» 05/06/2010 RUSSIA Orthodox: Europe allows freedom to criticise religions, but censors their voice in society In response to the Secretary General of the Council of Europe, Thorbjørn Jagland, who termed religious beliefs as "myths”. For the Moscow Patriarchate, Europe which boasts "freedom of expression," restricts the right of believers to express their ideas in society, in particular on bioethics and homosexual marriages.
Moscow (AsiaNews) - Europe applies double standards in dealing with measures of freedom of expression in society. This is the charge launched by the Russian Orthodox Patriarchate of Moscow, concerned that this fundamental right is not fully applied to religious communities. The deputy head of the Department for External Church Relations of the Patriarchate, the abbot Philipp Ryabykh, told Interfax news agency: “In the Western world the right to criticize every religious point of view is often claimed, but at the same time symbols of faith are censored and the religious approach to political and social life of citizens censored”.

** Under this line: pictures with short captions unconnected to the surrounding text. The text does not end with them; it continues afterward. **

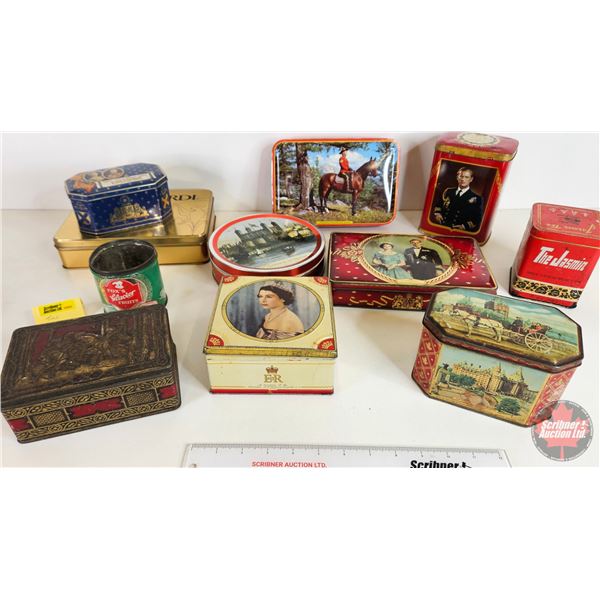 Confection Tin Collection (11) including Royalty, RCMP, etc (Tallest Measures : 6-1/4"H)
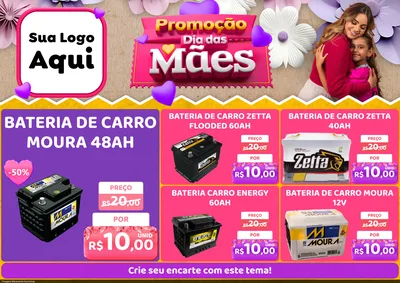 Modelo de Encarte para Encarte A4 Horizontal com o tema Promoção Dia das Mães para Baterias Elétricas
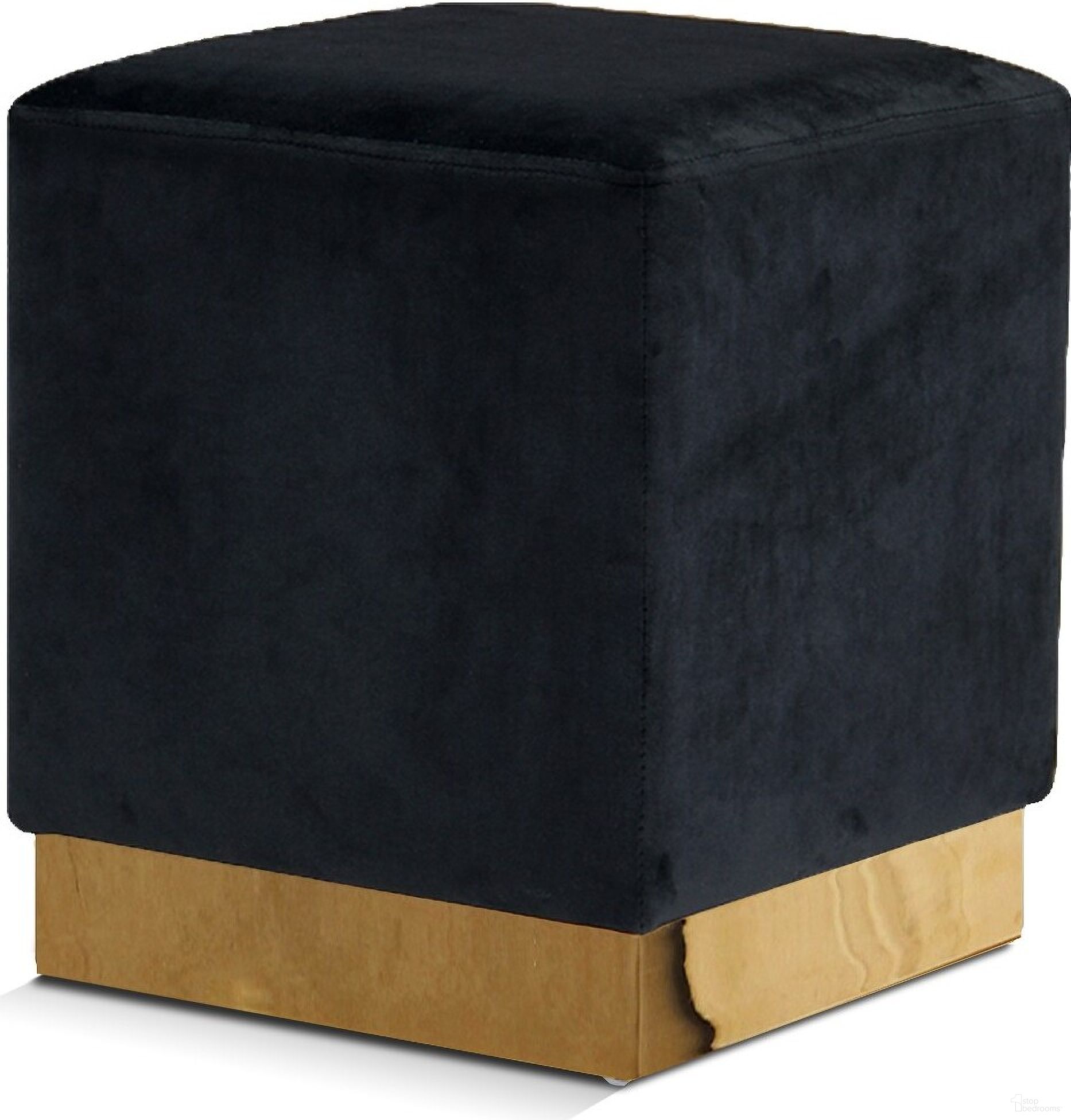 The appearance of Jax Velvet Ottoman/Stool In Black/Gold designed by Meridian in the modern / contemporary interior design. This black piece of furniture was selected by 1StopBedrooms from Jax Collection to add a touch of cosiness and style into your home. Sku: 134Black. Material: Velvet.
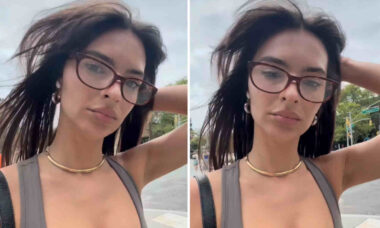 Vídeo: Emily Ratajkowski exibe decote durante passeio e rebate homem inconveniente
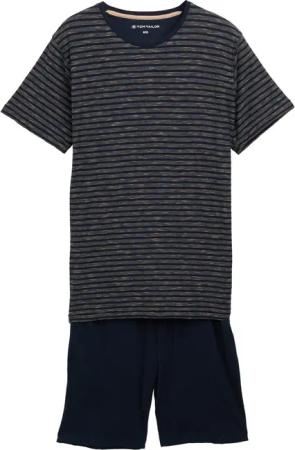 TOM TAILOR Herren Pyjama-Set mit Streifenmuster, blau, Gestreift, Gr. 52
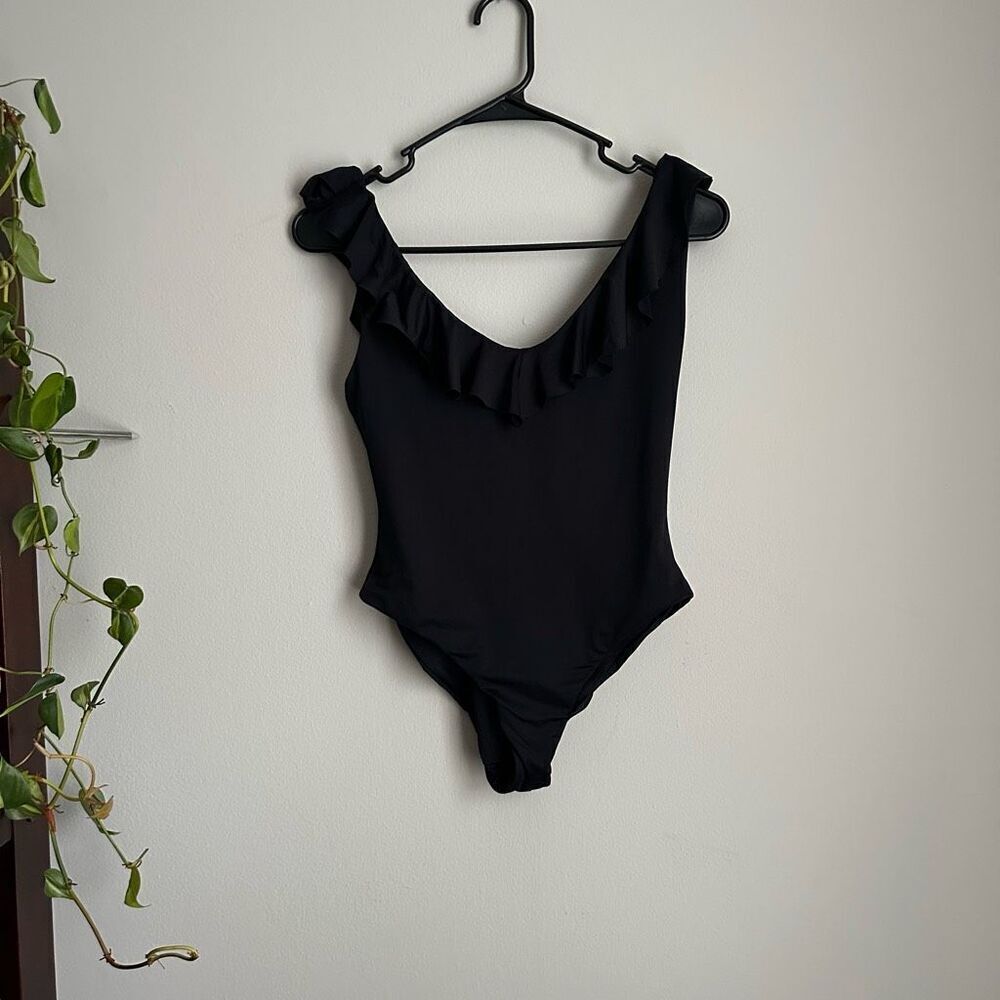 Eberjey Loreta Solid Black Ruffle Swimsuit‎ One Piece size Small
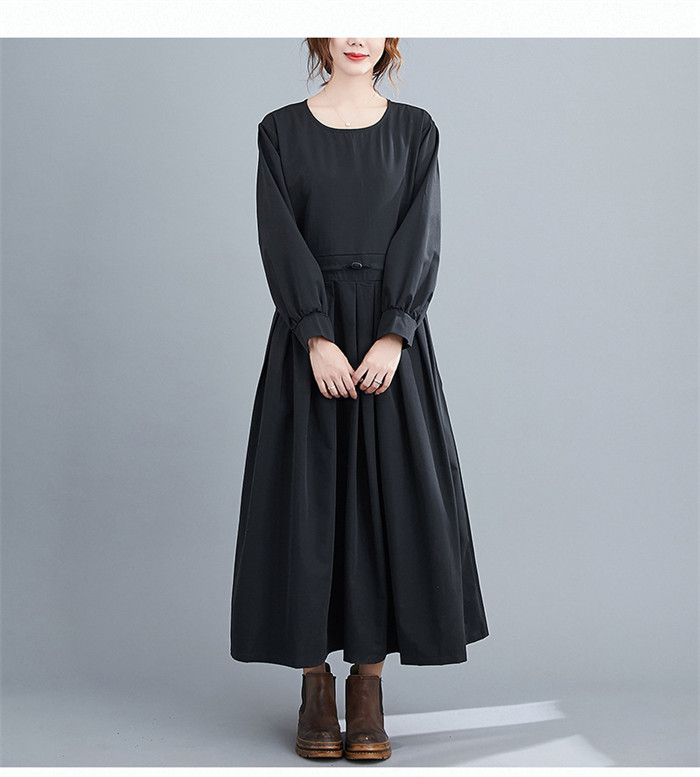 <br>プリーツワンピース レディース プリーツ 大きいサイズ マキシワンピース ゆったり 30代 40代 Uネック 長袖 無地 ゆったり 体型カバー ロング丈 ロングワンピース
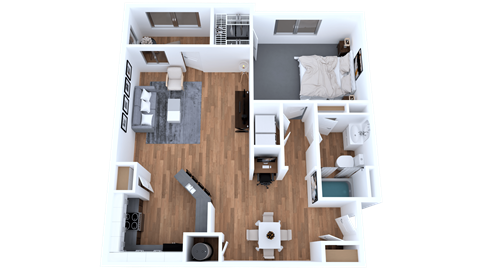 1 bed 1 bath floor planat Elevate Eagles Landing Apartments, Georgia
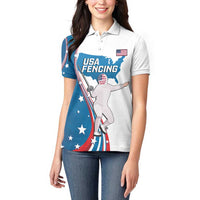 Personalized USA Fencing Women Polo Shirt 2024 United States Flag Curve Style - Wonder Print Shop
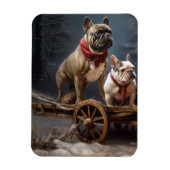 Franse Bulldog Snowy Sleigh Kerst Decor Magneet (Verticaal)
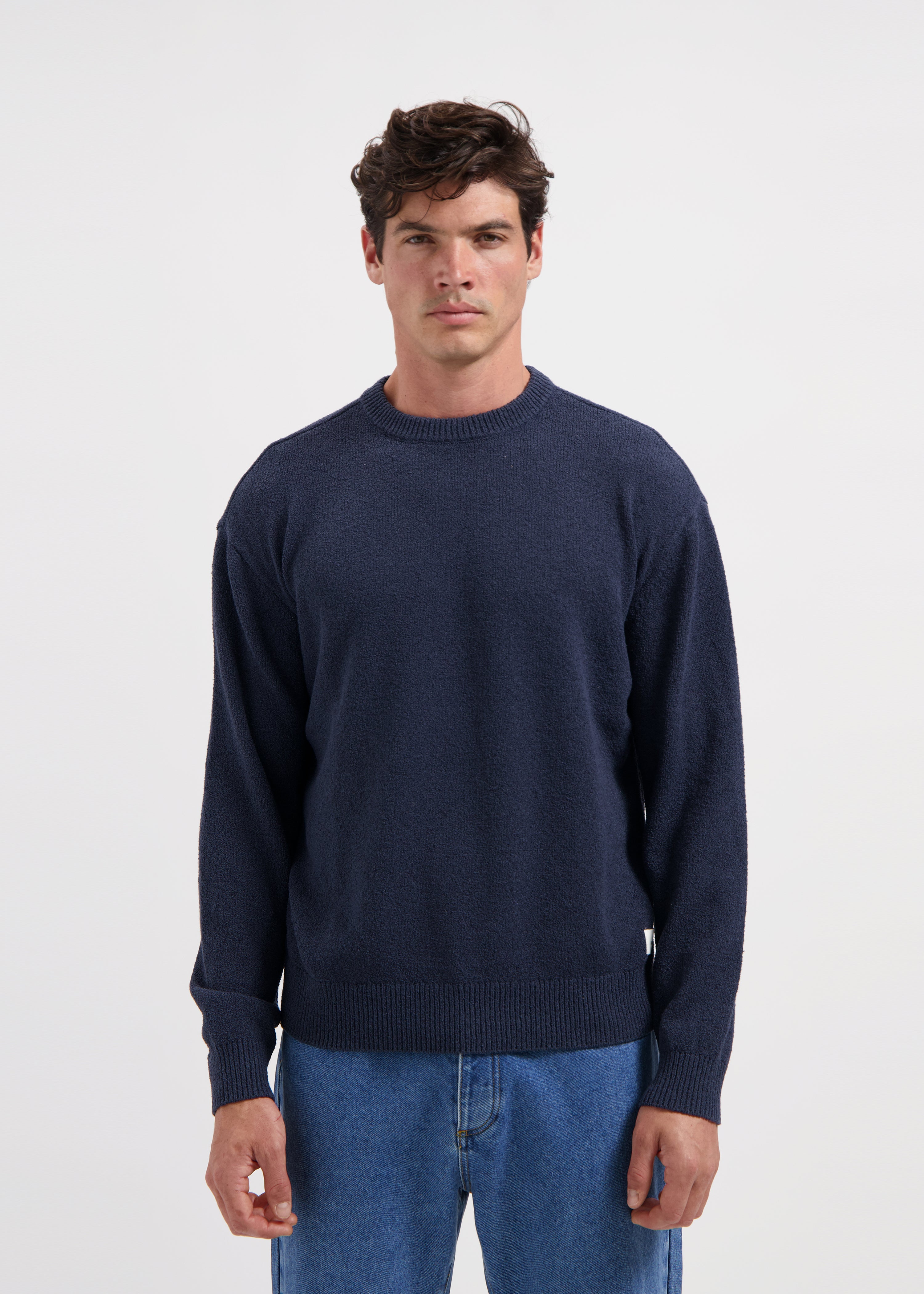 Loop Knit Crewneck - Navy Blue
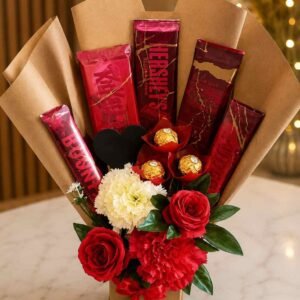 Chocolate Flower Bouquet Pakistan with red roses and premium chocolates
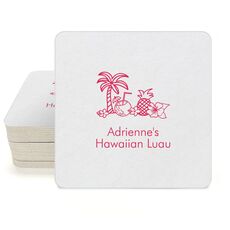 Tropical Hawaiian Luau Square Coasters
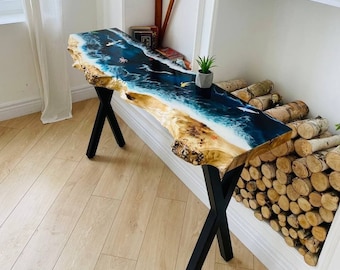 Stół z żywicy epoksydowej Ocean Custom, stolik konsolowy, szafka konsolowa do przedpokoju, wąski stół do przedpokoju, długa drewniana konsola, stolik do przedpokoju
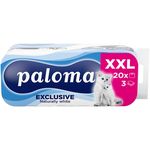 Туалетная бумага Paloma Exclusive XXL Naturally white, 3 слоя (20 рулонов)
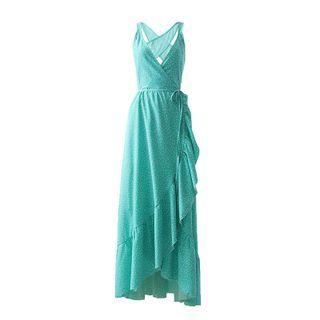 V-neck Open-back Floral Drawstring Dress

This is how the priest responds to the words of Secretary General of the Council of Europe, Thorbjørn Jagland, according to whom criticism of governments and religions, "their myths and ideas”, meet European democratic standards. The religious outlook of many problems Ryabykh continues, "is often not considered in the same way as that based on scientific method or humanism, and indeed it is relegated to the realm of mythology, an insult to people who believe."
Furthermore the priest points out that "religious language is censored in public life, thus Christmas becomes a simple holiday season, the Christmas tree is removed from public places as well as the crib to the point that they are even proposing to remove the crucifix from schools. " Europe "often calls for respect for freedom of expression and yet it restricts the right of believers to be in society with their views."
Father Philipp calls for guarantees for the rights of religious communities to freely express their concerns on issues of bioethics or same-sex marriages: "If we build a society in which religious believers can also speak freely, we will have achieved the desired result for Europe '.
In a recent article Jagland reiterated, "Freedom of speech and expression is the very essence of European identity."